Masao Yamamoto1270, from Nakazora (2001)

I’ve been on Tumblr pretty much every day since mid-to-late 2010. I’ve borne witness to a half dozen or so major changes that have infuriated users and caused folks to scream bloody murder about how they’re killing the site.

The last six months have been especially harrowing. Except… I’m not seeing a lot of screaming this time around. It seems like everyone who has been threatening to leave-has and that leaves two groups: folks like me who are too stubborn to quit and noobs who aren’t super hip to the way the platform words (or, more likely: don’t care).

It’s becoming increasingly challenging to keep this blog up and running, honestly. I mean: previously, I had more content I wanted to post than I had time to prepare posts. Now? Now, there’s still things I want to post–but it’s fewer and further between. I’m less able to pick what photo or image I’m most excited about and instead I’m having to focus more on curation. (This is probably a good thing for my brain but there are times when I feel like folks–in general–are less engaged with the proceedings.

Take the photo above. I’ve been wracking my brain trying to figure out what to say about it. It’s not that I don’t like Yamamoto–I’ve posted another of his photos several years back.

I know most of his work centers on landscapes and nudes. And that he uses tea to tone his prints.

I had some notion that there’s something of William Blake in his work. But, that’s not an assertion I can necessarily support beyond just saying it feels that way to me.

I reread his Wikipedia page and noticed this statement: “[he] makes installation art with his small photographs to show how each print is part of a larger reality.”

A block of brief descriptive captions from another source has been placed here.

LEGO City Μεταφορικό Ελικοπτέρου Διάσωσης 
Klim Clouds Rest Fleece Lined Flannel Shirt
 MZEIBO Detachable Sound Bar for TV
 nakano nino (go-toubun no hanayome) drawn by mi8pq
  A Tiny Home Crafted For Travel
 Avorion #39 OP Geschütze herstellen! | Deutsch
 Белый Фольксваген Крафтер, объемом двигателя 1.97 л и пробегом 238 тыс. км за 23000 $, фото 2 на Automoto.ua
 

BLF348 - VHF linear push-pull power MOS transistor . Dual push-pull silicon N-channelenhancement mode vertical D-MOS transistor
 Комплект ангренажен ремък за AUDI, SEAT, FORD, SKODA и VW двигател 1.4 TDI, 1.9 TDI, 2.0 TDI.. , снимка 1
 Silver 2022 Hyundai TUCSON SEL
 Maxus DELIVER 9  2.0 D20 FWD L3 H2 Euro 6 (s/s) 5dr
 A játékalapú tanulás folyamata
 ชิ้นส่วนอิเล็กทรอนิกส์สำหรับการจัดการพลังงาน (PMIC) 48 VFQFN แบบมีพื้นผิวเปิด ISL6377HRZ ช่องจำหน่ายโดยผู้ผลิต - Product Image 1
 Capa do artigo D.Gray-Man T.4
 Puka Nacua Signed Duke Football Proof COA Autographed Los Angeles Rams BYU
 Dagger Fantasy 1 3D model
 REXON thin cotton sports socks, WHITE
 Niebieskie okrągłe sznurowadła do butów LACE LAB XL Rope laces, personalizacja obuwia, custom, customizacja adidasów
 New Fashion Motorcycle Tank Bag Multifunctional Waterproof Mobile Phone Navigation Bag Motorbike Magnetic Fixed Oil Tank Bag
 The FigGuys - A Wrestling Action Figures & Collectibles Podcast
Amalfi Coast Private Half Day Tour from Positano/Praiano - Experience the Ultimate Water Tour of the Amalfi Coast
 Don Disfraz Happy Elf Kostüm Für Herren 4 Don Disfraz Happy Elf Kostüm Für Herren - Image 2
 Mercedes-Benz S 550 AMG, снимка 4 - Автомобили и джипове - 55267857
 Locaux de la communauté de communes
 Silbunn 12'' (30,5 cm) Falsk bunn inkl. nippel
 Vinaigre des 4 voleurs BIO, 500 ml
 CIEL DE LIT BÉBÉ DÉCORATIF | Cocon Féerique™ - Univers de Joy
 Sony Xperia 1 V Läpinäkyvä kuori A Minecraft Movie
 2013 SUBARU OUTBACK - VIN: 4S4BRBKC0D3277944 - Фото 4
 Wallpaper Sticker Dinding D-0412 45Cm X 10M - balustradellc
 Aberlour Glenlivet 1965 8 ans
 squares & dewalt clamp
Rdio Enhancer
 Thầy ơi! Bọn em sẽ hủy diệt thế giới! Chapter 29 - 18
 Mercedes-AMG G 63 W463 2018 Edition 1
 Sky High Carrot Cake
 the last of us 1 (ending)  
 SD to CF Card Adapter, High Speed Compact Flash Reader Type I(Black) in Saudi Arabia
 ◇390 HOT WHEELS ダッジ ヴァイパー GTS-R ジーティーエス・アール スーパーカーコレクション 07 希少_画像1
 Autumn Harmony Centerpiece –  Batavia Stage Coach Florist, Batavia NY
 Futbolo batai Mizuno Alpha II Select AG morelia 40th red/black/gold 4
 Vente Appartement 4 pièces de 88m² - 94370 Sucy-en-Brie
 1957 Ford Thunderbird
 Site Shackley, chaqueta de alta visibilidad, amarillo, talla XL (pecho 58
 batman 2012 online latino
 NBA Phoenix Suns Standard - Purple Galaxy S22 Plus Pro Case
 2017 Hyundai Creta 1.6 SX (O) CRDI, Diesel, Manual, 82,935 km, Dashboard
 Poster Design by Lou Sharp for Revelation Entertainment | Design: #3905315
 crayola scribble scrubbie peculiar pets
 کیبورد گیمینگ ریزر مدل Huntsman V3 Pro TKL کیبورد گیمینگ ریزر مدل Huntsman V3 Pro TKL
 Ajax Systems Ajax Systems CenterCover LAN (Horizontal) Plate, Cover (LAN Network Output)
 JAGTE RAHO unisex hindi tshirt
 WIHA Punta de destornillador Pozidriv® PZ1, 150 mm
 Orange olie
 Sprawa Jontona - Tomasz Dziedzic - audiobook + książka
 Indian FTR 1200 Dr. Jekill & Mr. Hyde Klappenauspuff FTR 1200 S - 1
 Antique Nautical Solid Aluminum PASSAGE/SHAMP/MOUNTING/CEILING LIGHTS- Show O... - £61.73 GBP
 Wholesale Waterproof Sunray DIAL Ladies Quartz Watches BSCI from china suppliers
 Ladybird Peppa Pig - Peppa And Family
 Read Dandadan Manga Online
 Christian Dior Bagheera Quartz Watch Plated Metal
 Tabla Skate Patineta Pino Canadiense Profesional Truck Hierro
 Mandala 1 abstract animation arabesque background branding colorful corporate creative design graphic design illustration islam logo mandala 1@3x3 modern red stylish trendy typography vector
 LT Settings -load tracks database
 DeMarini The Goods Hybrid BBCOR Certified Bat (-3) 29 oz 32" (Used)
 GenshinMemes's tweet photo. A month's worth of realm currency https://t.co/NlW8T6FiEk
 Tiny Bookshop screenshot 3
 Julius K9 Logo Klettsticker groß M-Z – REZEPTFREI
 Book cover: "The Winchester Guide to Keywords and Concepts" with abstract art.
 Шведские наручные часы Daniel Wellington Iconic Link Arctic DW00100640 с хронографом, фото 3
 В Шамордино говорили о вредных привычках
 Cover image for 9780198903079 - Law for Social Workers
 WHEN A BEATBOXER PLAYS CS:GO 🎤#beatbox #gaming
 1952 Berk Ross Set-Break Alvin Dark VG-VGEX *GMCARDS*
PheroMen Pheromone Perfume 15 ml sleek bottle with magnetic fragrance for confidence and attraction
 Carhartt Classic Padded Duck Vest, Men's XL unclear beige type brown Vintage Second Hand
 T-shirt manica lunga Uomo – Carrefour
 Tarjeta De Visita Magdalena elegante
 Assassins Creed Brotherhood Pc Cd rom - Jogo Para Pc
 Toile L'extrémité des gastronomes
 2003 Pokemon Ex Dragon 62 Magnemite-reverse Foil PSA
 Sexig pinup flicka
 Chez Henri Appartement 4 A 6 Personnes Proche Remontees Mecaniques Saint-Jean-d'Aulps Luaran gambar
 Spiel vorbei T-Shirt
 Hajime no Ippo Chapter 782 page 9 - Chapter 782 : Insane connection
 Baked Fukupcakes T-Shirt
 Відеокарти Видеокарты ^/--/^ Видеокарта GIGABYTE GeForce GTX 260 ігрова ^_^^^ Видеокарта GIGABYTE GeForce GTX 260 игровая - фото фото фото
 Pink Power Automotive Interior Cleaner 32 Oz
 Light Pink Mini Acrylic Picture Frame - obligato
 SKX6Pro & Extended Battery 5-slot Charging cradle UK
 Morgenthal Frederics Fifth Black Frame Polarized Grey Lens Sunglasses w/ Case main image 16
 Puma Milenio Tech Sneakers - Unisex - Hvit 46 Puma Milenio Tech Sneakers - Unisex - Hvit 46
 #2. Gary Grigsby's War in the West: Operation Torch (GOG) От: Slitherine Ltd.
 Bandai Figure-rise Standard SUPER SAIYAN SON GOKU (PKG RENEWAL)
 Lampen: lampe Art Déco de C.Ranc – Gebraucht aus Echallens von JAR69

This suggests an interplay between images within a given context being important to understanding his work. I googled “nakazora”; it returned the following from the publisher of this work:

Dictionary Definition of Nakazora: The space between sky and earth, the
place where birds, etc. fly. Empty air. An internal hollow. Vague.
Hollow. Around the center of the sky. Or, emptiness. A state when the
feet do not touch the ground. Inattentiveness. The inability to decide
between two things. Midway. The center of the sky (the zenith). A
Buddhist term. Nakazora is our second publication on the work of
Japanese artist Masao Yamamoto. But this is no book: the artist has
designed a scroll measuring over eighteen feet long, beautifully printed
in process color on uncoated Japanese stock. The timelessness of
Yamamoto’s imagery is beautifully echoed in scroll presentation. The
scroll was one of the earliest vehicles used for storing and presenting
visual information. Nakazora combines the aesthetic and tactile
attributes of this traditionally one-off format with the advantages of
modern printing technology. A striking marriage of traditional and
hi-tech materials and production techniques, Nakazora redefines the term
‘artists’ book.’

I can’t think of scrolls in an art context without flashing to Caroless Schneemann’s Interior Scroll. But it seems that my initial instinct with Blake isn’t far off the mark–since short of illuminated manuscripts, Blake was kind of the progenitor of ‘artist’s books’.

I suspect that the similarities run deeper than that but at present I am too brain drained from once again packing all of my worldly possessions in preparation to move ¼ of the way around the world…

Masao YamamotoTitle Unknown (19XX)

When I learned about the haiku form in like 7th grade or some shit, what I took from the lesson was the whole 5-7-5 syllable patterning and that they all seemed to be meditative on nature.

For probably a good decade, my approach to the form was on par with South Park.

But what gets glossed over is the connection between the first 12 and the disjunction/rupture inherent in the final 5 syllables.

In effect, the above image is a photographic approximation of a haiku. There are two distinct planes in the frame–differentiated by depth of field; the blossoming cherry branch in the foreground, the young woman in the mid-ground.

This was almost certainly shot with a telephoto lens–which has the effect of magnifying the subject. However, telephoto lenses also compressed the distance between objects. Thus although there may be twenty feet between the subject and a wall, it appears as if the subject is relatively close to the wall. (The famous cinematographic example of this is that famous scene in the Coen Brothers’ Raising Arizona with the baby in the car seat in the middle of the road with a station wagon barreling down on it.)

Given that the background in this print is so pitch dark that it seems like an Edward Weston wet dream and that the blossoming branch in the foreground is so dark–only remaining visible due to the body separating it from the background, what originally appeared as discrete planes, interpenetrate.

Bonus factoid: Apparently, Yamamoto isfond of employing tea to stain his prints.